Plotting value against cost on a new chart creates a handy tool for finding the data sets to use. We want to pick from the lower right – high value but low cost.

An information mud map
An information mud map

It’s interesting to tie this back to the Tesco example. Global warming is making the weather more variable, resulting in unseasonable hot and cold spells. This was, in turn, driving short-term consumer demand in directions not predicted by existing planning models. These changes in demand represented cost, in the from of stock left on the shelves past it’s use-by date, or missed opportunities, by not being able to service the demand when and where it arises.

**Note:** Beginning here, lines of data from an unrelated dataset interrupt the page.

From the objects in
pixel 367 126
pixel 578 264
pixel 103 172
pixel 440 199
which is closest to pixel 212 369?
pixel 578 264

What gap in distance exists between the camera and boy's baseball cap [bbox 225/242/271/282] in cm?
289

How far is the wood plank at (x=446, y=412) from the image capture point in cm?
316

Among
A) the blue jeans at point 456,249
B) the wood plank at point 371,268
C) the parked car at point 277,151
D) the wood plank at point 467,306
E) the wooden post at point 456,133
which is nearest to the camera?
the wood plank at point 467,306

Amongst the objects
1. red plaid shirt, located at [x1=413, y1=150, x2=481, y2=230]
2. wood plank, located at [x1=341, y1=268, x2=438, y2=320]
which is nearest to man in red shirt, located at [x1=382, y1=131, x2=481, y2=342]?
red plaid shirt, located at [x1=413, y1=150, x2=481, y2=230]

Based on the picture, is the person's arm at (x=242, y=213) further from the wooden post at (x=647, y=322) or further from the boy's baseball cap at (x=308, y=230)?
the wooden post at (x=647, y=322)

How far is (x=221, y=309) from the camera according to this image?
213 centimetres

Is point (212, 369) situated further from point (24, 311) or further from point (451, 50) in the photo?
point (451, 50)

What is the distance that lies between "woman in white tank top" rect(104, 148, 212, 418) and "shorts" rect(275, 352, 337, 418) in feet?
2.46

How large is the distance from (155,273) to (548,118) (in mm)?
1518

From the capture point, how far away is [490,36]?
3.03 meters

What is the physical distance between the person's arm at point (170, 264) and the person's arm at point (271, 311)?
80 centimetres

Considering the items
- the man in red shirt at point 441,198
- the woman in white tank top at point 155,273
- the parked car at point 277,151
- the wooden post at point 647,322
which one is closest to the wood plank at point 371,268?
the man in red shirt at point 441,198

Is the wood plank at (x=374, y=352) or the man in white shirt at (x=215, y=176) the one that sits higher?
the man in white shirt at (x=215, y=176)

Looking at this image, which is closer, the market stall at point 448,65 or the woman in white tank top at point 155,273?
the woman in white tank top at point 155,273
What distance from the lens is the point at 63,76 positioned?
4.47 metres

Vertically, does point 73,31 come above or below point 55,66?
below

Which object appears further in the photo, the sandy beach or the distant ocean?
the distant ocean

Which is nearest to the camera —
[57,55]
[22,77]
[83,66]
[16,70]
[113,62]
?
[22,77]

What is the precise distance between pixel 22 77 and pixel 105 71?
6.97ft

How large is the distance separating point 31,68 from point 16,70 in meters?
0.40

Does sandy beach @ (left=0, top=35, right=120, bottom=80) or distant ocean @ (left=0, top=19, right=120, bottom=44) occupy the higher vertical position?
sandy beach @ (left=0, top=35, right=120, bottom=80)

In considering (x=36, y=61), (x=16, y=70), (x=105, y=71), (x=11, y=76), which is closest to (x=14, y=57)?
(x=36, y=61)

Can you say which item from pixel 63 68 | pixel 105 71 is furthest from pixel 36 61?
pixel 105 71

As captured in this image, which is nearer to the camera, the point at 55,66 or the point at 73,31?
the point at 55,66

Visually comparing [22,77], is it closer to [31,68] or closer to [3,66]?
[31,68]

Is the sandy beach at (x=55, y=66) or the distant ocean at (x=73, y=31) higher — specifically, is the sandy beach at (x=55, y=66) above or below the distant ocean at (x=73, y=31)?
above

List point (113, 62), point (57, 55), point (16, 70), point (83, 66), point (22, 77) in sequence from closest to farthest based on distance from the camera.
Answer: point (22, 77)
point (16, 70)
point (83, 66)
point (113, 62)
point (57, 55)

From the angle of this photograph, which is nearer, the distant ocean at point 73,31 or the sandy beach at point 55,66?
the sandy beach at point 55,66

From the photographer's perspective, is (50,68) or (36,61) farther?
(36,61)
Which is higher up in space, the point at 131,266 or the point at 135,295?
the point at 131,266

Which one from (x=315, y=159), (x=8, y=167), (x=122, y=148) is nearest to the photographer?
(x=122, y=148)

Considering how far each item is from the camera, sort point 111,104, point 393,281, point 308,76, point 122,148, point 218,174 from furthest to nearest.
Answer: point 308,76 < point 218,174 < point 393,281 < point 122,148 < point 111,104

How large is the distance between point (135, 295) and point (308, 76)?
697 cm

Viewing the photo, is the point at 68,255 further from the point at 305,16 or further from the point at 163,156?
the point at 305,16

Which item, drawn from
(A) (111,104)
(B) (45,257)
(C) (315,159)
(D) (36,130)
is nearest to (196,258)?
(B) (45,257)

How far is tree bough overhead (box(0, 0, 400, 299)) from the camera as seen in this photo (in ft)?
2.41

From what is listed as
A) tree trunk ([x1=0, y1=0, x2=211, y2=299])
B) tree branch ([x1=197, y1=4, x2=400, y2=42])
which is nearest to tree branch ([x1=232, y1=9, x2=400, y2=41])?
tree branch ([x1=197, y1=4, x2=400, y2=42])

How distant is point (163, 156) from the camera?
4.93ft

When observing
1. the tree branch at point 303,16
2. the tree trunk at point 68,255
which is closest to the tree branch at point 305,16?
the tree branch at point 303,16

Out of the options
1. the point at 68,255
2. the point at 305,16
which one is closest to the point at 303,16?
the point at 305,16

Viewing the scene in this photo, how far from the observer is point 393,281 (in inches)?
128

The solution was to expand the information footprint, pulling in more predictive signals from outside the business: changing the outline on the mud map to improve closed-loop performance. The decision to create an in-house weather bureau represents a straight forward cost-value trade-off in delivering an operational solution.

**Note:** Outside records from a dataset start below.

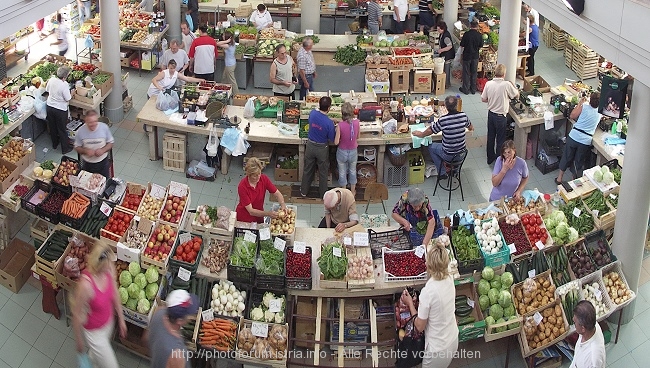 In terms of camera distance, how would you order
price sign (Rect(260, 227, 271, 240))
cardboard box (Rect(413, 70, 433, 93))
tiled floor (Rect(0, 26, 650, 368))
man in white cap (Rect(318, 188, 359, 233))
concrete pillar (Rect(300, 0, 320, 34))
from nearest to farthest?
tiled floor (Rect(0, 26, 650, 368))
price sign (Rect(260, 227, 271, 240))
man in white cap (Rect(318, 188, 359, 233))
cardboard box (Rect(413, 70, 433, 93))
concrete pillar (Rect(300, 0, 320, 34))

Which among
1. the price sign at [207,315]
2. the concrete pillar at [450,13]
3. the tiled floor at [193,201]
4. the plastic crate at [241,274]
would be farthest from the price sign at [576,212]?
the concrete pillar at [450,13]

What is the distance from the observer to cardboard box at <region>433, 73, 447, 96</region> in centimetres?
1529

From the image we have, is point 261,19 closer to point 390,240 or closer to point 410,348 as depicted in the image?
point 390,240

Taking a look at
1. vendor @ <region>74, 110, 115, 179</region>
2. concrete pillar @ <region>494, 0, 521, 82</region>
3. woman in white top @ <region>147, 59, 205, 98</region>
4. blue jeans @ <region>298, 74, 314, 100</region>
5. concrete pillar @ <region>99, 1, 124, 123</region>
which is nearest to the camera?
vendor @ <region>74, 110, 115, 179</region>

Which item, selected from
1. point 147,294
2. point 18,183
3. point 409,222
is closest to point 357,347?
point 409,222

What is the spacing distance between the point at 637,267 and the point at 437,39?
8427 mm

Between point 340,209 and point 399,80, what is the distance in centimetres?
611

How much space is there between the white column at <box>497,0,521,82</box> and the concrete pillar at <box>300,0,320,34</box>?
200 inches

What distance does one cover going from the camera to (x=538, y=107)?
506 inches

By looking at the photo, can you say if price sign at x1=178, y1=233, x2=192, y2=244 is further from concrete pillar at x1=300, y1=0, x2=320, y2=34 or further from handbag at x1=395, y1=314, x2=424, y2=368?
concrete pillar at x1=300, y1=0, x2=320, y2=34

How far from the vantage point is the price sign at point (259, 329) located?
27.2 feet

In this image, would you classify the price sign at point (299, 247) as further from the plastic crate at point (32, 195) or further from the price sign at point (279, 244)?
the plastic crate at point (32, 195)

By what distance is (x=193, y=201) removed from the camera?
39.0 ft

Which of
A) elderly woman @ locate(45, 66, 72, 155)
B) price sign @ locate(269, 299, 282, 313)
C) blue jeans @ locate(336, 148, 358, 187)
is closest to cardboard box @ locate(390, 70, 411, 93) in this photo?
blue jeans @ locate(336, 148, 358, 187)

These two tools provide us with an interesting approach to tackling a number of challenges I’m seeing inside companies today. We’re a lot more externally driven now than we were even just a few years ago. The challenge is to identify customer problems we can solve and tie them back to what our organization does, rather than trying to conceive offerings in isolation and push them out into the market. These tools enable us to sketch the customer challenges (the decisions our customers need to make) and map them back to the portfolio of signals that we can (or might like to) provide to them. It’s outcome-centric, rather than asset-centric, which provides us with more freedom to be creative in how we approach the market, and has the potential to foster a more intimate approach to serving customer demand.